I suggest solving the system in terms of a smaller number of free variables, and then using permutations of [1,...,9] to check for solutions. Please try the following, which uses k=15 and returns the single solution (after removing rotations and reflections):
restart;
# Number of variables.
m := 9;
# Variables.
X := [ seq( x[i], i=1..m ) ];
# Indices.
N := [ seq( i, i=1..m ) ];
# Equations.
EQ := [ x[1] + x[2] + x[3] = 15,
x[4] + x[5] + x[6] = 15,
x[7] + x[8] + x[9] = 15,
x[1] + x[4] + x[7] = 15,
x[2] + x[5] + x[8] = 15,
x[3] + x[6] + x[9] = 15,
x[1] + x[5] + x[9] = 15,
x[3] + x[5] + x[7] = 15
];
# Constraints to remove equivalent solutions.

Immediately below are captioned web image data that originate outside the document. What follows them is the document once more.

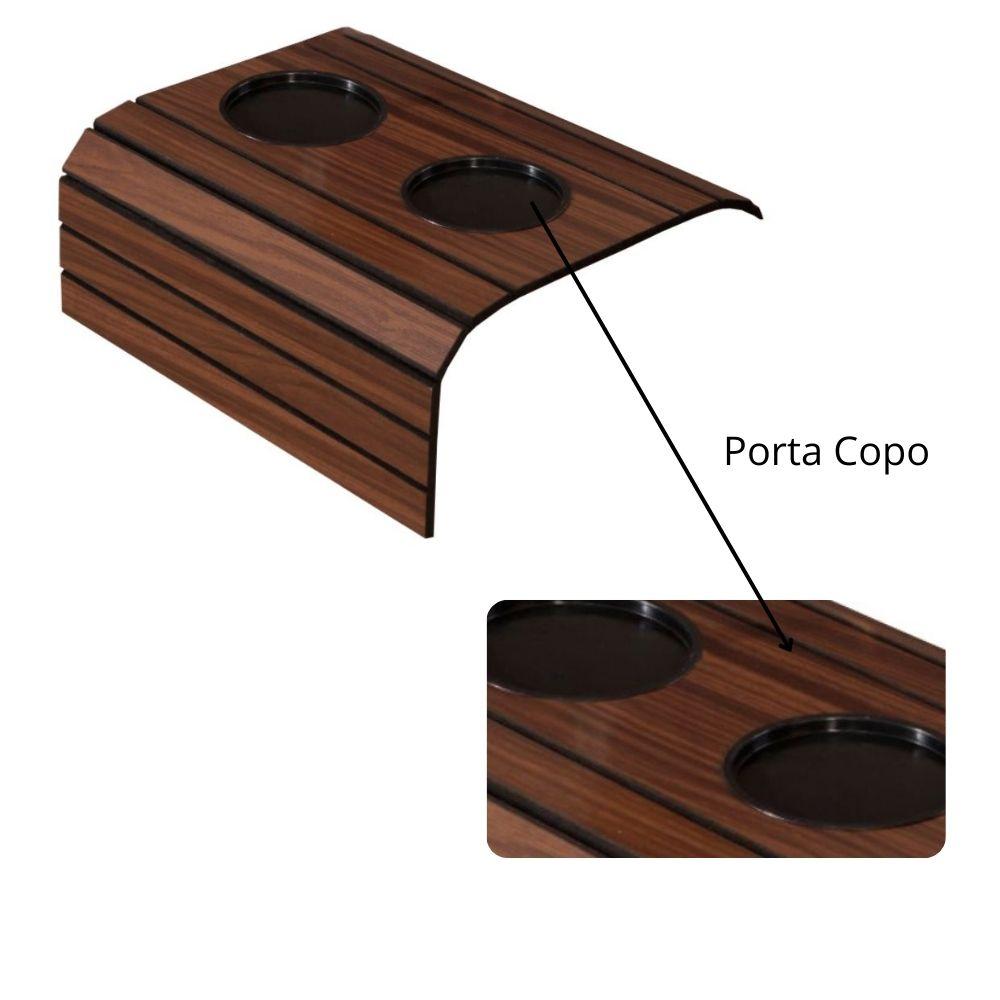 Bandeja Esteira para Braço de Sofá Cor Mel com Porta Copos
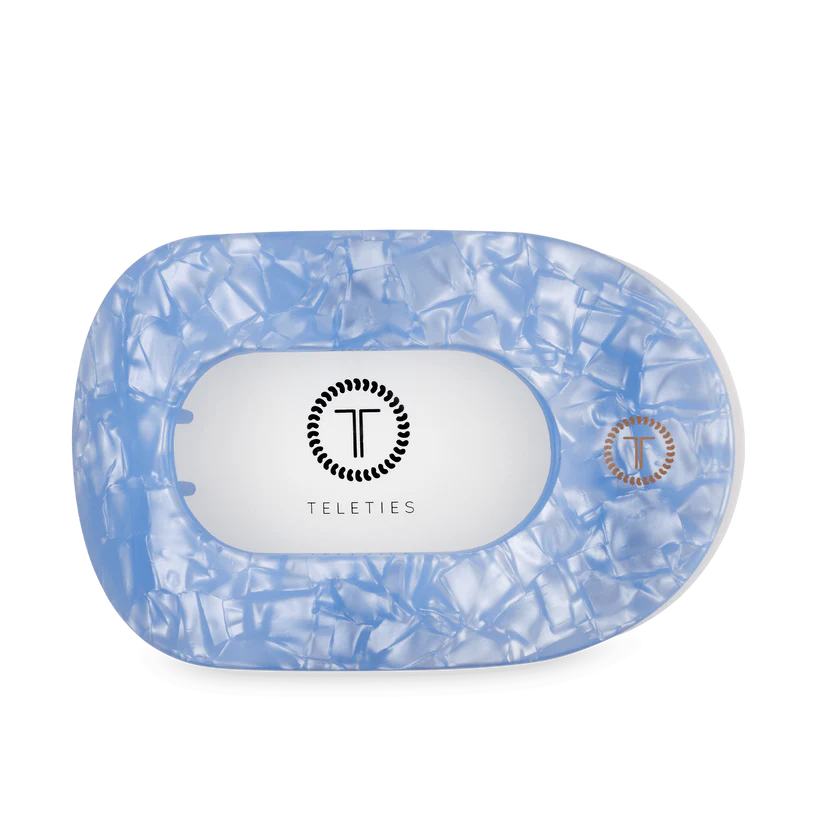 Blue Lagoon Large Flat Round Hair Clip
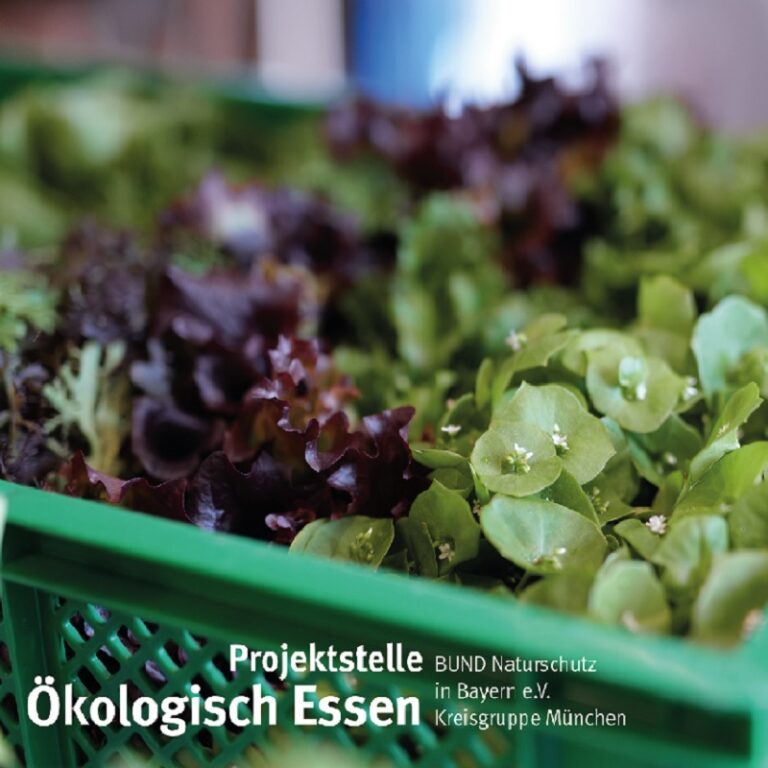 Kiste mit Salatköpfen, Schriftzug "Projektstelle Ökologisch Essen - BUND Naturschutz in Bayern e.V., Kreisgruppe München"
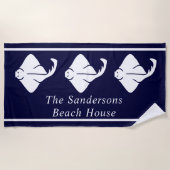 Donkere marineblauw kuststrook - Nautical Stingray Strandlaken (Voorkant)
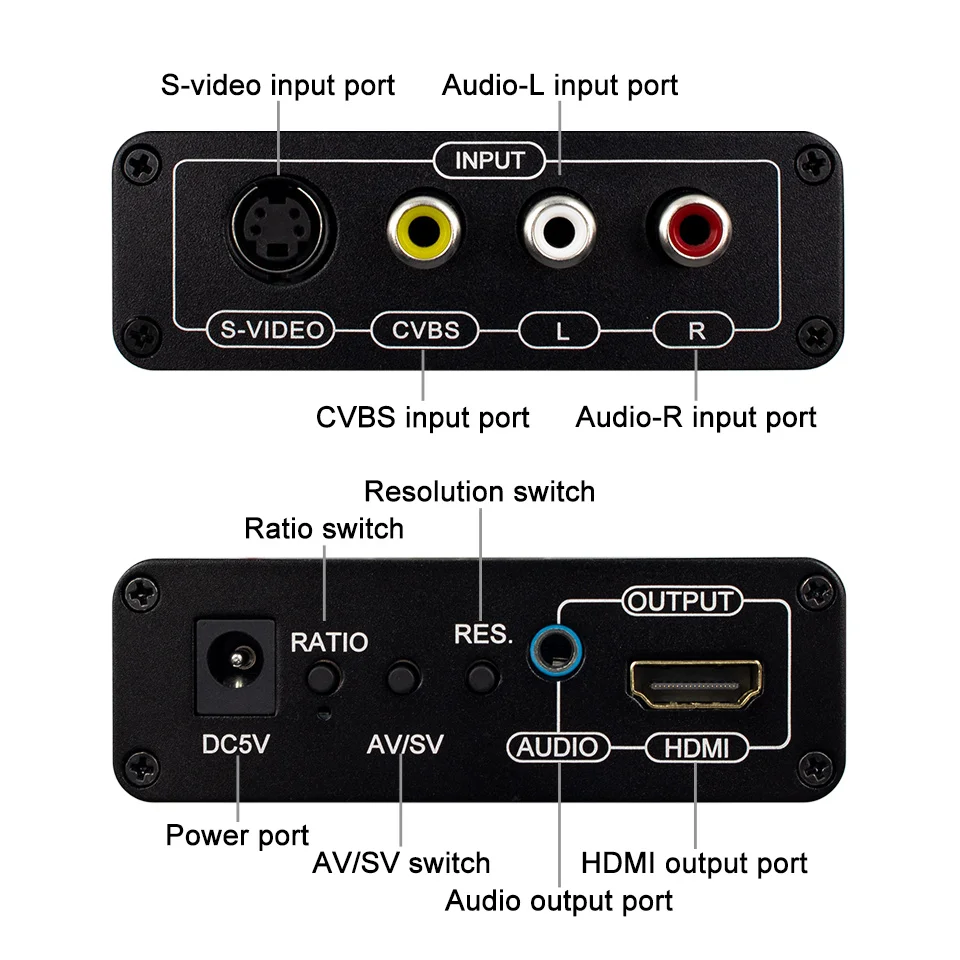 AV S-Video CVBS L/R Audio Video Converter  to HDMI-compatible 3.5mm  Switcher Adaptor AV S-Video Switch for For HDTV PS3 PS4 PC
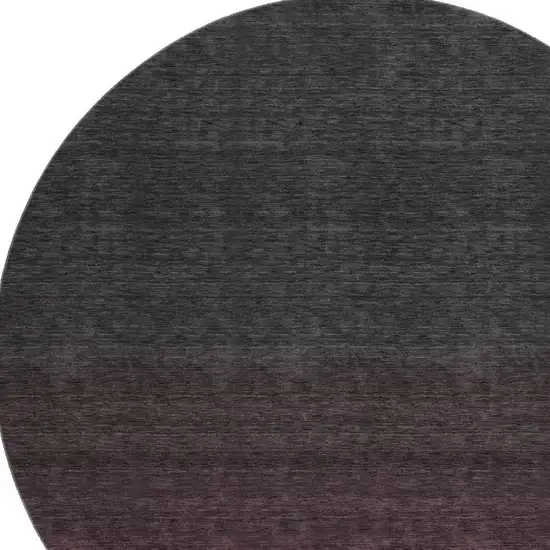 8' Merlot And Charcoal Ombre Washable Round Rug With UV Protection Photo 3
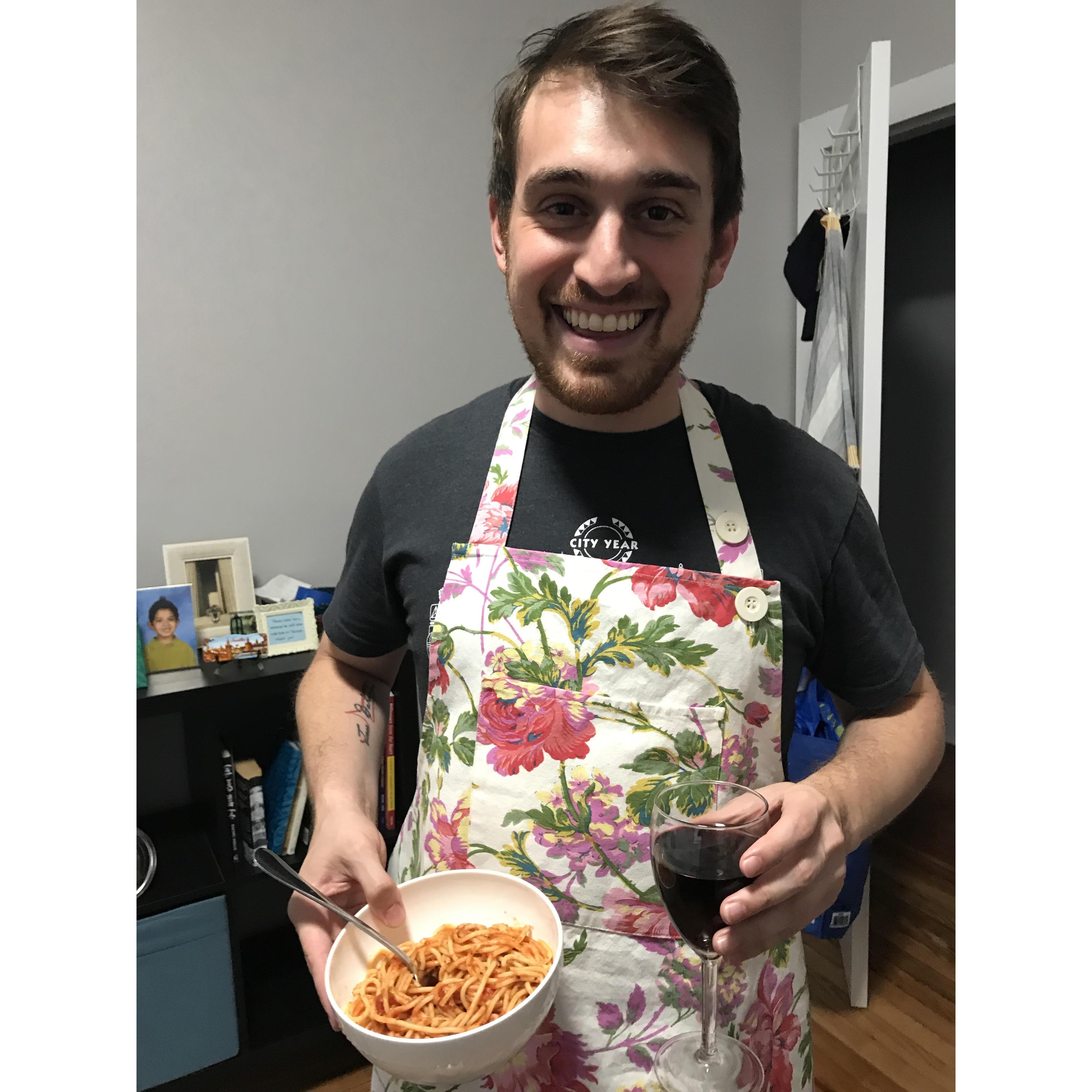 A little pasta y vino.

INEQ := [ x[1] < x[3], x[1] < x[7], x[1] < x[9], x[3] < x[7] ];
# Solve in terms of free parameters.
A, B := LinearAlgebra:-GenerateMatrix( EQ, X );
S := convert( LinearAlgebra:-LinearSolve( A, B, ':-free'=x ), 'list' );
# Free parameters.
Q := convert( indets( S, 'name' ), 'list' );
n := numelems( Q );
# Table to store solutions.
H := table();
# Cycle through all possible values for Q, first by combination, and then by permutation,
# and record any solutions found.
for i from 1 to combinat:-numbcomb( m, n ) do
if i = 1 then
C := convert( combinat:-firstcomb( m, n ), 'list' ):
else
C := convert( combinat:-nextcomb( C, m ), 'list' ):
end if:
for j from 1 to n! do
if j = 1 then
P := C:
else
P := combinat:-nextperm( P ):
end if:
T := eval( S, Q =~ P ):
# Check if it is a solution satisfying all the constraints.
if andmap( is, [ sort( T ) = N, op( eval( EQ, X =~ T ) ), op( eval( INEQ, X =~ T ) ) ] ) then
H[T] := NULL:
end if:
end do:
end do:
# Solutions.
map( op, [ indices( H ) ] );